Wskaźnik w postaci automatycznej strategii, część 2

Przyznam, że pokazując w poprzednim wpisie wskaźnik w postaci niemal gotowego systemu inwestycyjnego, chciałem zainicjować dyskusję o wskaźnikach w ogóle.

Sam nie używam żadnych wskaźników, bo o to jestem często pytany, ale nie mam nic przeciwko ich używaniu w tradingu, pod jednym wszakże warunkiem: że wiesz po co to robisz i wiesz jak z nich wyciągnąć przewagę. A z tym zwykle bywa dość kiepsko.

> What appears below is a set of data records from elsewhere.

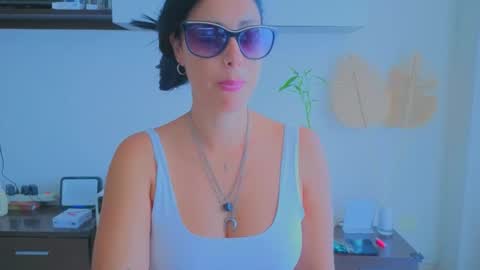 tatiana2224 online show from 09-30-25, 08:08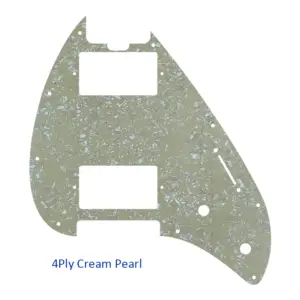 Sce05a348a5064e6c8a72808495827f0be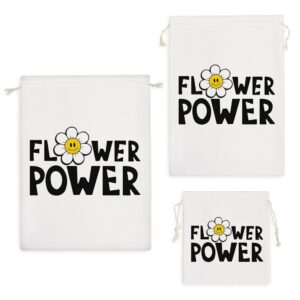 کیسه نظم دهنده Flower Power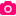 photo camera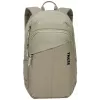 Kuprinė Thule TCAM8116 – pilka (40,6 cm / 16 inch)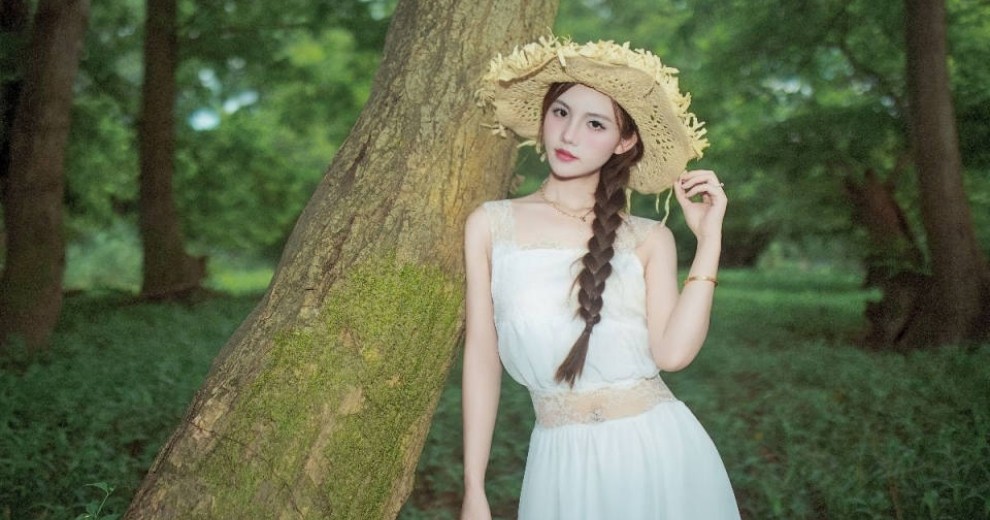 绿野仙踪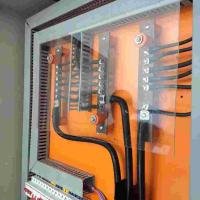 LCS Elétricas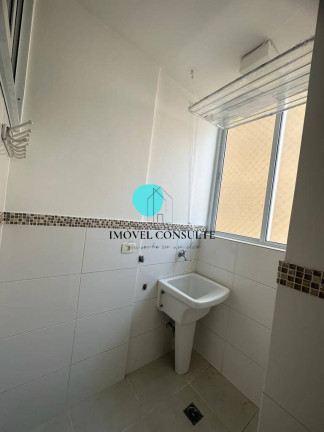 Imagem Casa com 1 Quarto para Alugar, 40 m² em Consolação - São Paulo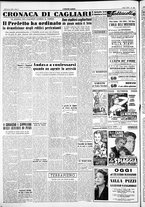 giornale/IEI0109782/1954/Giugno/60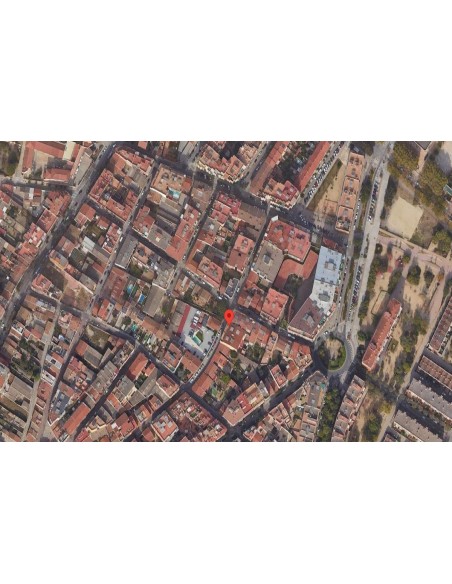 fen-19078-cataluna-barcelona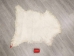 Angora Goatskin: Gallery Item - 66-A-G4186 (Y2EXX)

Na dobrą sprawę wskaźnik jest tak samo dobrym narzędziem decyzyjnym o inicjowaniu (i czasem zamykaniu) pozycji jak każda inna metoda pracy z wykresem (price action, intuicja, statystyka). Ma jak każda inna metoda swoje wady i zalety oraz nadal nie wnosi 100% trafności. Wobec czego, jak z każdą metodą bywa, jego użyteczność w sensie osiągania przewagi sprowadza się do 2 zasadniczych opcji:

   1. Zamknięcia w obiektywnie zdefiniowany system mechaniczny, który na podstawie testów danych wskaże prawdopodobne warunki brzegowe do ewentualnego, systematycznego, zyskownego tradingu w przyszłości

   2. Dodania od siebie na tyle sprawnego sposobu zarządzania ryzykiem, że pozwoli osiągnąć zyskowność (pozytywną wartość oczekiwaną).

To drugie wymagane jest w zasadzie przy każdej metodzie decyzyjnej w tradingu, więc nie ma aż takiego znaczenia, czy do inicjowania pozycji używany jest wskaźnik czy jakakolwiek inna technika, choćby zupełnie intuicyjna na tzw „czuja”.

Jeśli komuś z wielu powodów, których wymienienie zabrałoby kolejny spory tekst, odpowiadają wskaźnikowe metody poruszania się po transakcjach, to wszystko w porządku, o sukcesie i tak przesądzi dopiero zarządzanie ryzykiem (i emocjami oczywiście).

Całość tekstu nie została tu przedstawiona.